Et si tu préfère juste le sommaire de la saison en cours, il est là :

https://www.senscritique.com/liste/les_petites_sirenes/3094904?page=1

Et si tu ne veux rien de tout ça, je m'excuse pour les parties narratives de cette critique qui te sembleront bien inutiles...---

Nous avons essuyé notre premier gros temps. Pas à proprement parler une tempête, mais suffisamment de remous pour que le souvenir des terribles scènes en mer du film de la veille conduise chacun d'entre nous à considérer quels étaient ceux de nos bagages suffisamment dispensable pour être passés par dessus bord, et éventuellement ceux de notre équipage suffisamment corpulents pour justifier leur sacrifice pour le bien de la communauté. Monstres terrifiants sur la terre ferme, nous redevenons des enfants chétifs lorsque rien ne nous sépare plus de la noyade que quelques planches de bois. Nous étions suffisamment loin de toute terre connue pour que même les moins mortels d'entre nous n'apprécient l'idée d'un retour à la nage. Les marins ont répondus à nos regards affolés par des sourires goguenards, et les plus orgueilleux d'entre nous on répondu par quelques babines retroussées. Pour réunifier cette communauté fragile, et exploiter la terreur mourant lentement dans les esprits de mes compagnons à mesure que la mer retrouvait sa sérénité, j'insistai pour que nous regardions tous ensemble le prochain film du cycle. Cela tombait bien, puisqu'il était le premier à vouloir montrer quelques harmonies d'épouvante. Sur un pont encore humide de la morsure des vagues les plus virulentes, et le son crachotant des enceintes que nous avions embarquées tentant de lutter contre le violent claquement des voiles du navire, nous nous sommes serrés les uns contre les autres pour découvrir Night Tide.
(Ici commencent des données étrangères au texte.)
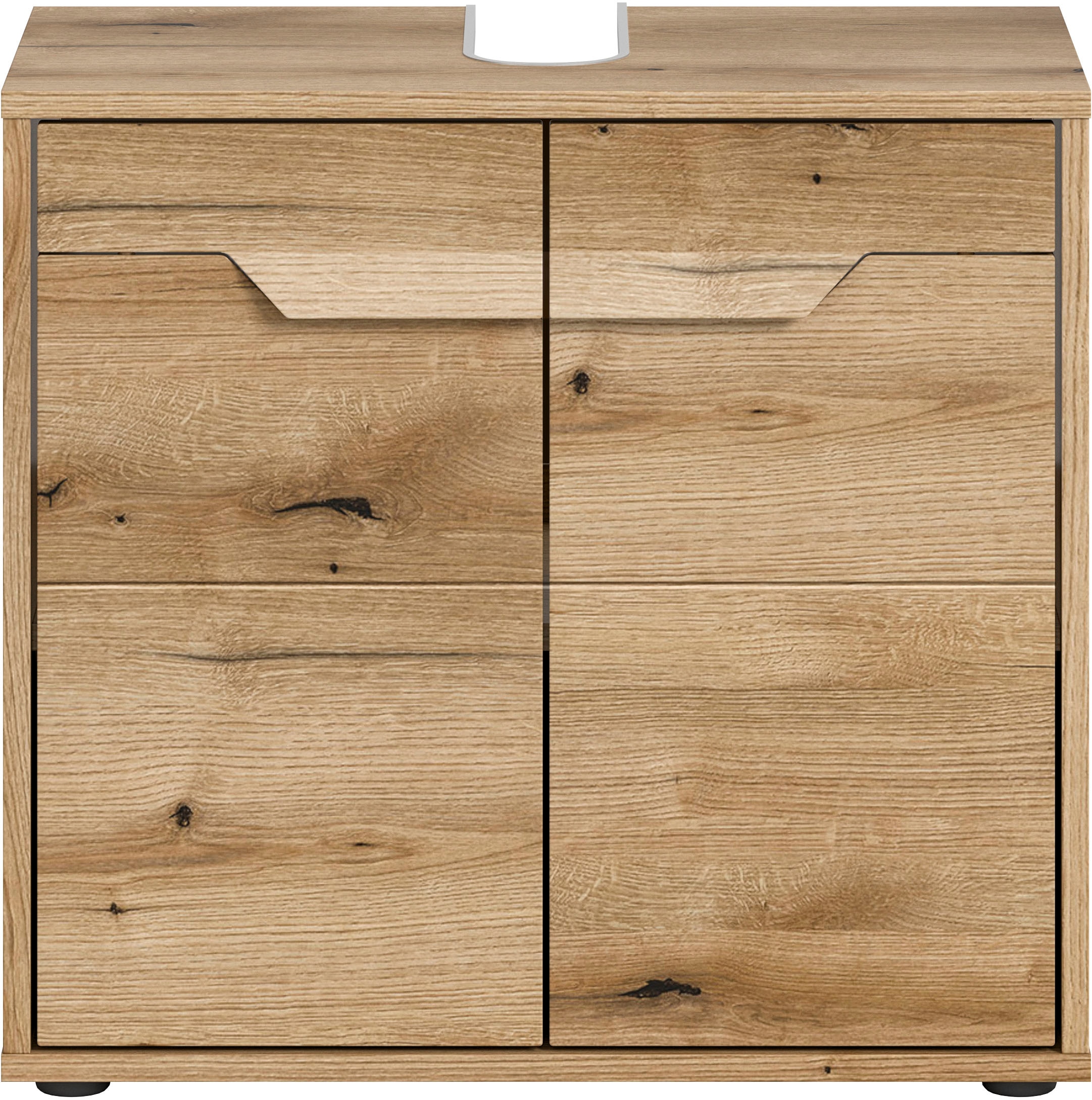 welltime Waschbeckenunterschrank »Kayu, Breite 64 cm, 2 Türen, 1 Einlegeboden«, einzigartiges Griffdesign, Badschrank, Bad-Möbel, Badezimmer, Bad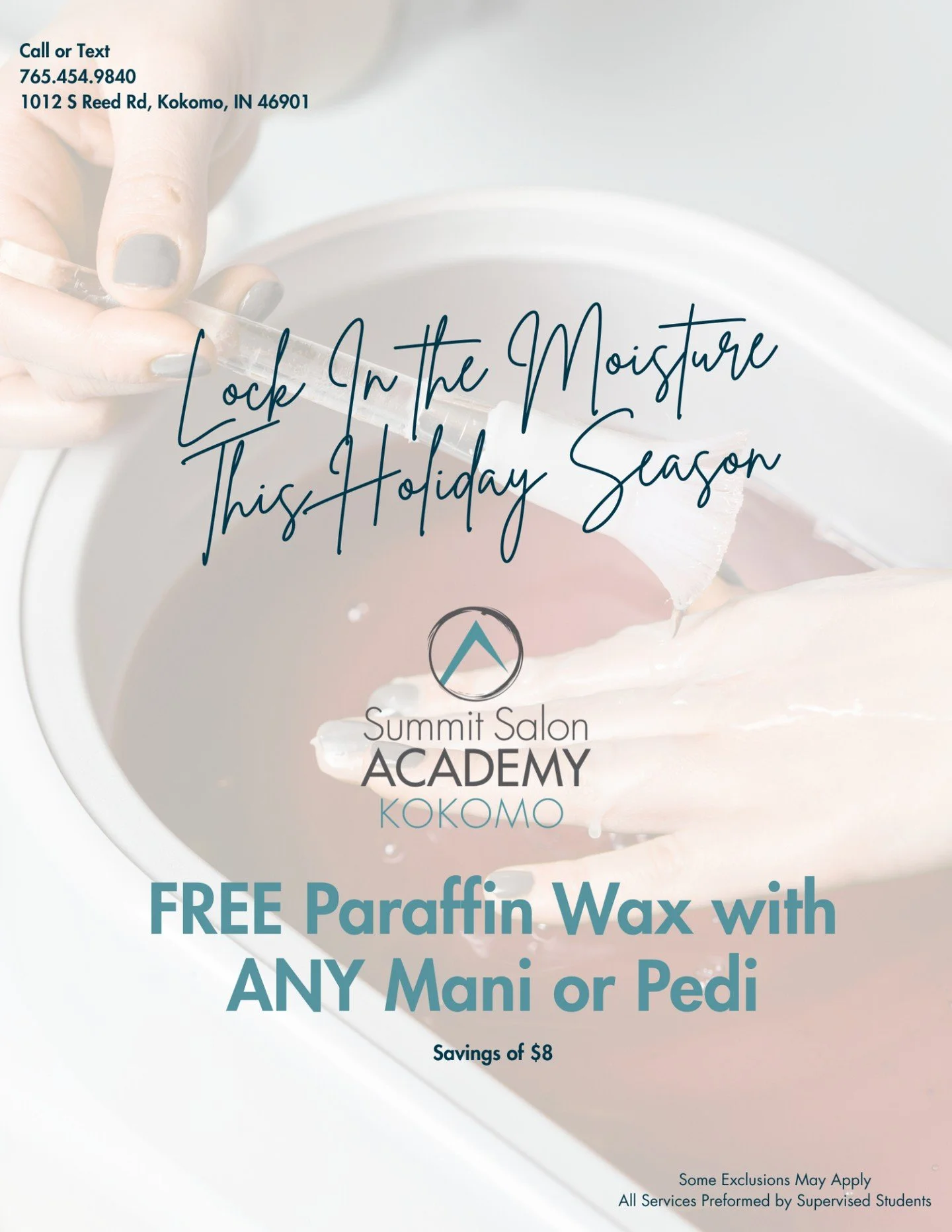 Celebrate the season with exclusive holiday promotions &mdash; available for a limited time. #SSAKOKOMO #SummitSalonAcademy #KokomoBeauty #KokomoIndiana #SalonEducation #KokomoBarbers #BarberingSkills #Cosmetology #KokomoCosmetology #KokomoNails #Mas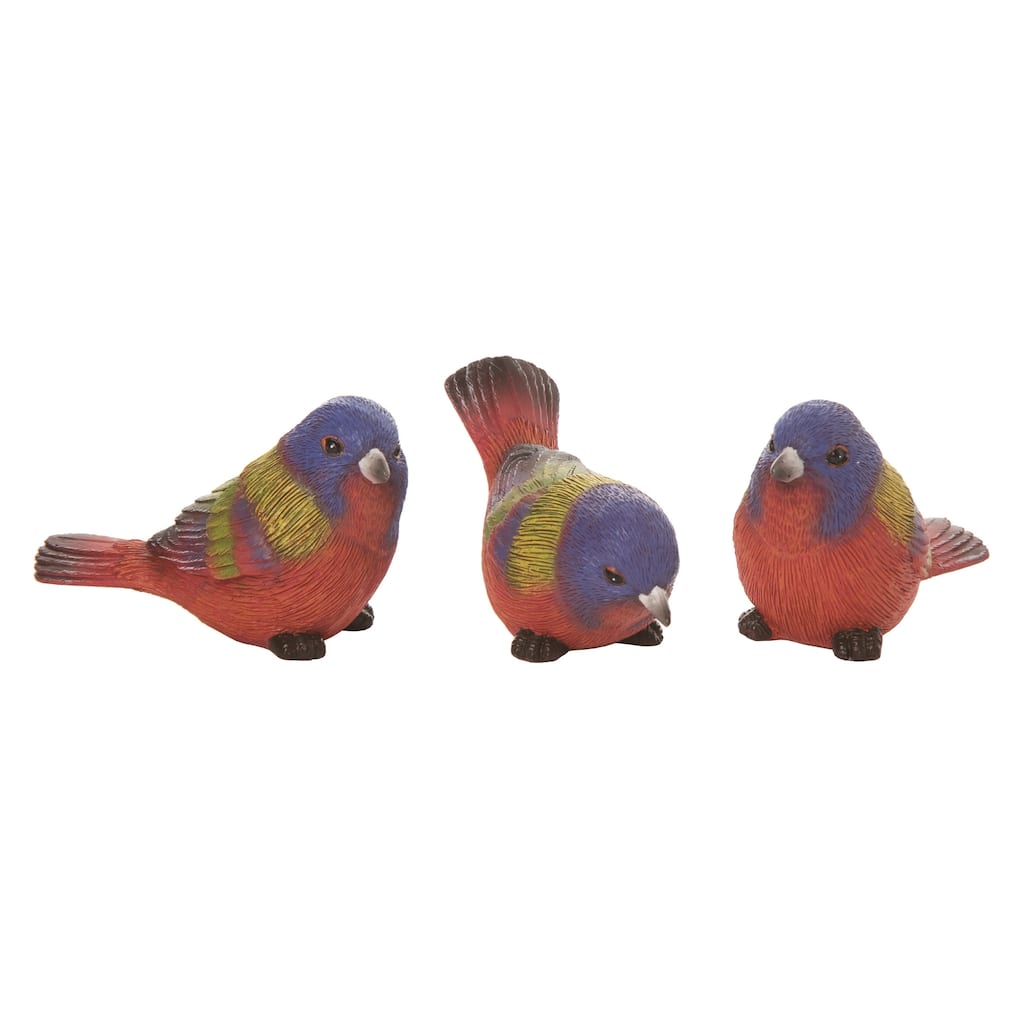 Transpac Resin 4" Multicolor Spring Painted Bunting Birds Set of 3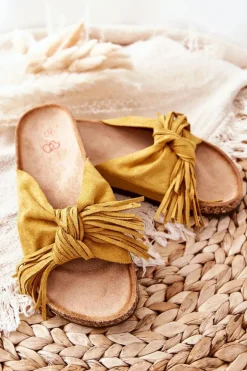 Klapki Na Korkowej Podeszwie Żółte Taryne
L'expérience a montré que mes choix de films sont toujours aléatoires, et souvent inappropriés, ainsi j'étais ravie de découvrir que pour une fois, j'avais visé juste. Dans un noir et blanc à l'encre de chine, le film nous propose une romance envoûtante, dans un décor fantasmagorique, et un rythme éthéré. Nous ne sommes qu'en 1961, aussi le sexisme nous poursuivra encore pendant quelques films, et nous ne pûmes nous empêcher (les sorcières en tête de proue du mouvement bien sûr) de manifester bruyamment notre désapprobation de la « méthode de séduction » du personnage masculin (en fait c'est du harcèlement. Elle cède par lassitude. Aucune histoire d'amour saine ne peut naître d'une origine aussi obscène). Passé cette approche malaisante, tout devient douceur enlacée d'effroi. Même avant d'ailleurs, car pendant que Joe le relou continue de penser que la fille est suffisamment bête pour ne pas avoir remarqué qu'elle lui plaît, et multiplie inlassablement ses avances peu subtiles sans remarque que c'est lui l'idiot qui n'a pas su remarquer qu'elle lui avait déjà fait comprendre qu'elle n'était pas intéressée, le décor autour est un club intimiste jouant un jazz envoûtant qui hypnotise la jeune fille, avant qu'elle ne soit tirée brutalement de sa rêverie par la sorcière au port royal qui vient l'incendier en grec ancien (est-il utile de préciser que le film a l'élégance de ne pas sous-titrer ce dialogue, son contenu ayant moins de valeur que sa forme, et nous permettant, Ô tristesse, de partager la déroutante incompréhension du personnage masculin ? Du coup peut-être qu'elle lui dit "j'aime manger des tartes à la fraise", mais en tout cas ça glace le sang). Tout ensuite continue de suivre ce schéma, nous laissant continuellement dans le doute quant à juger décors, personnages et événements entre angélique ou démoniaque. De ce manège de bois à la ritournelle entêtante, à cette voyante enjouée, lisant le malheur dans les cartes de tarot, sans oublier évidemment cette femme-sirène, mi-jeune fille drôle et enthousiaste, mi-créature marine ténébreuse et malveillante. Les scènes de rêve, évidemment, se font l'apothéose d'un style et d'une narration originale et sublime, venant additionner aux noirs sans fonds des effets optiques évoquant à la fois l'irréel et le sous-marin. Brillant.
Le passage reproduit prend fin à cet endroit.